Se equivocaría gravemente el que creyese que las concretas condiciones de un debate electoral son meras cuestiones de detalle. Ningún partido se atreve a oponerse públicamente al debate. Los que quieren evitarlo lo hacen siempre, sea rechazando las condiciones que propone el adversario, sea proponiendo condiciones que de antemano resultan inaceptables. Valga aquí recordar que en las elecciones generales de 1996, habiendo manifestado, no uno, o algunos, sino todos los partidos políticos que deberían celebrarse debates públicos durante la campaña electoral, no consiguieron, sin embargo, ponerse de acuerdo sobre si debería haber una silla más o una silla menos (un partido más o un partido menos) en el plató de televisión, y los ciudadanos españoles se quedaron, también en aquellas elecciones, sin debates públicos entre los aspirantes a gobernarles. Y me duele tener que recordar una vez más, pero la gravedad del tema me lo impone, que aquel lamentable 'desencuentro de la silla' del año 96, con el que los partidos se reconocieron incapaces de consensuar las condiciones formales del debate, y con el que se abortó entonces la expresión más genuina de la libre y pacífica discusión de las ideas, se produjo, para mayor escarnio, la misma mañana del 14 de febrero en que ETA asesinaba a Francisco Tomás y Valiente en su despacho de la Universidad.

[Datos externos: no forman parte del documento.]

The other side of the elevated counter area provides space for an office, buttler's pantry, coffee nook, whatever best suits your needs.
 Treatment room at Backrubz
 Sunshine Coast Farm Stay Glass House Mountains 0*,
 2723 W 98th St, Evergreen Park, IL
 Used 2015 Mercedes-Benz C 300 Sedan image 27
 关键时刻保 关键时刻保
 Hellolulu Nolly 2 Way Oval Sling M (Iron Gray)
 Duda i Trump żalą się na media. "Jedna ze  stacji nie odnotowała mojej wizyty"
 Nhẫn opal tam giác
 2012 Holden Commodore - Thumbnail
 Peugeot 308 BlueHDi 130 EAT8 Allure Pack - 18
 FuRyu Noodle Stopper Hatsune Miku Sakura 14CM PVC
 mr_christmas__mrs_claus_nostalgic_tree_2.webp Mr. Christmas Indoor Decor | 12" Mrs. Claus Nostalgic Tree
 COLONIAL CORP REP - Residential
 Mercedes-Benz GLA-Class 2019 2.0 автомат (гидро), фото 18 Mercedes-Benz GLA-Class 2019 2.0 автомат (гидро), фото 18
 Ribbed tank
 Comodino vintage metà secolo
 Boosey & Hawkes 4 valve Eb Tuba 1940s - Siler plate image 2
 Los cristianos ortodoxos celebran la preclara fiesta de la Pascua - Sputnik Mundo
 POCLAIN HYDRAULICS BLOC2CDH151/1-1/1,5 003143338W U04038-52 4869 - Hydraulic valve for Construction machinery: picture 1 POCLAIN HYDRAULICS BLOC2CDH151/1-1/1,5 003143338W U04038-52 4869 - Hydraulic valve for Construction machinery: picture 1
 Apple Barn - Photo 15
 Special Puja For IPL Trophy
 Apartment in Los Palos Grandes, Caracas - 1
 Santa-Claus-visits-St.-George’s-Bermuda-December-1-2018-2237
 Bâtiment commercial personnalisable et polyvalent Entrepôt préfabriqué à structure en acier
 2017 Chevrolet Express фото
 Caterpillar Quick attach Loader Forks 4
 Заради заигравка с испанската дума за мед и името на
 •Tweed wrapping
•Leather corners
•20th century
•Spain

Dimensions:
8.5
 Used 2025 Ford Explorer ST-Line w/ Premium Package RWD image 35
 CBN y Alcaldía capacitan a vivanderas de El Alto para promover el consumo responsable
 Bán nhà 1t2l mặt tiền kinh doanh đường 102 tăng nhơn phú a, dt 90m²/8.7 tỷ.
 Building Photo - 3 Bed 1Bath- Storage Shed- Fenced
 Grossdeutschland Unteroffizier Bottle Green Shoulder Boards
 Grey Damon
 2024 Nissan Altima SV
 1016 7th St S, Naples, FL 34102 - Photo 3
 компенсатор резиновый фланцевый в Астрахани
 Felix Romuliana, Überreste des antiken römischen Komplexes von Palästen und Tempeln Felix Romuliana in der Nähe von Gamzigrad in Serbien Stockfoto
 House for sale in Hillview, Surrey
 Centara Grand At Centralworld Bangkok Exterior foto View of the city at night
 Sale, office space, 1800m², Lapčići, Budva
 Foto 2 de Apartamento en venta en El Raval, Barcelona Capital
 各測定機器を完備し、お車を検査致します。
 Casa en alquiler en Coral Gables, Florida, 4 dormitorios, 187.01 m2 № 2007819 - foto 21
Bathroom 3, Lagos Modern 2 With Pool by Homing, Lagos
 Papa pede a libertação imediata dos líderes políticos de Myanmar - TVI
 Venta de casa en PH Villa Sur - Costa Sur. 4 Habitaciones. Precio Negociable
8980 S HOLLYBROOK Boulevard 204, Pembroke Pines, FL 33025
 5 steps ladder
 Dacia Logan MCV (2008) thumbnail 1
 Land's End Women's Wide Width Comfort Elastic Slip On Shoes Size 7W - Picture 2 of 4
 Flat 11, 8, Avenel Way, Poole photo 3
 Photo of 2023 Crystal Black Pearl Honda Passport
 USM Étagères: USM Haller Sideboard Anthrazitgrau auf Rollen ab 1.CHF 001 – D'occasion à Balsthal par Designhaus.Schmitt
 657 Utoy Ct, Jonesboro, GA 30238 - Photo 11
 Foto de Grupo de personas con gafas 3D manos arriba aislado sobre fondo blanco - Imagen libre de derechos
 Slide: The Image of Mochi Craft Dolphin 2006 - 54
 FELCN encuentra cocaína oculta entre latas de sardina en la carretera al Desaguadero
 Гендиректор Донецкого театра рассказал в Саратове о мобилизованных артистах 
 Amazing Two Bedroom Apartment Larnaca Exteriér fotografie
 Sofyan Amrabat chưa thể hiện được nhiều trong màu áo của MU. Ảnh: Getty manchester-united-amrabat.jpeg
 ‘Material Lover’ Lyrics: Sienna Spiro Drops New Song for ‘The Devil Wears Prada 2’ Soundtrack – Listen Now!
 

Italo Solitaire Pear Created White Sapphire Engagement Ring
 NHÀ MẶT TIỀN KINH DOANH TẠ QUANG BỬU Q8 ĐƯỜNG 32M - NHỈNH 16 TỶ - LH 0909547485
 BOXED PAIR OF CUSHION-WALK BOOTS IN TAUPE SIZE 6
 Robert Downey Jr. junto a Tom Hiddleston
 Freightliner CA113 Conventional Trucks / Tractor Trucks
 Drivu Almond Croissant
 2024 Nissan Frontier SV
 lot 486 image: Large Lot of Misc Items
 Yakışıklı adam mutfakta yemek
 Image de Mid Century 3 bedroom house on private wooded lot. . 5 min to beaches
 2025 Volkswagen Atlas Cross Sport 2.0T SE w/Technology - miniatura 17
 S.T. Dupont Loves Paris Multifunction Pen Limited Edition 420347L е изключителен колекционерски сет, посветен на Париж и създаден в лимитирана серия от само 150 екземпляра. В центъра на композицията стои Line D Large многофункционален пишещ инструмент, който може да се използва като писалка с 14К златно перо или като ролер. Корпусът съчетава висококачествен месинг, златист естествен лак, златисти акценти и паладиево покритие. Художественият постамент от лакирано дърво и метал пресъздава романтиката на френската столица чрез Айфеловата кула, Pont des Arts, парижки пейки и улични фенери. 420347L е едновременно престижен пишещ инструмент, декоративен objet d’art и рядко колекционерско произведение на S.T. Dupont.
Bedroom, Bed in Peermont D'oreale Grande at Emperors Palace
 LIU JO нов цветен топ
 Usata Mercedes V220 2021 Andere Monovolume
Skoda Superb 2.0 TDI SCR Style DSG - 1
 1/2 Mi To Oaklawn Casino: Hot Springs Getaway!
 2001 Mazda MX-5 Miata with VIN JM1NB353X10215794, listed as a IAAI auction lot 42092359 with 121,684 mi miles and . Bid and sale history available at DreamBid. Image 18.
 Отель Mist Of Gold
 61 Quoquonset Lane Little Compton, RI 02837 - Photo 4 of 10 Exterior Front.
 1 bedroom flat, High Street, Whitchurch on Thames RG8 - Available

Xabier Arzalluz acaba de afirmar que mayor Oreja quiere llegar al Gobierno vasco para tomar el poder, no sólo de la Policía Autonómica sino también de la política educativa y de la televisión vasca. Como eso quiere lógicamente decir que el que ahora controla la televisión vasca es el PNV, es este partido el que está obligado a poner dicha televisión pública al servicio de la democracia, en este caso, de los debates electorales. Si el PNV no lo hiciese, el Partido Popular, que a buen seguro comparte ahora los argumentos de Mayor Oreja, debería organizar los debates en Televisión Española. De la misma manera que la campaña del voto por correo, organizada desde Madrid, puede servir para que algunos vascos voten con menos miedo, y los debates electorales servirían, se organicen donde se organicen, para que miles de electores pudieran votar con más conocimiento de causa y, además, para fortalecer la democracia. En caso de que un partido no quisiese concurrir a la cita, una silla vacía hablaría por sí sola. Y si alguien tuviese dificultades para entender las condiciones democráticas del debate, me ofrezco a explicárselas, en público o en privado. ¿Pero, habrá, por fin, debates? Si lo pido yo solo, probablemente no. Pero si lo pidiese una pequeña parte de los muchos ciudadanos que los consideran necesarios, seguramente sí.

José Juan González Encinar es catedrático de Derecho Constitucional de la Universidad de Alcalá (Madrid).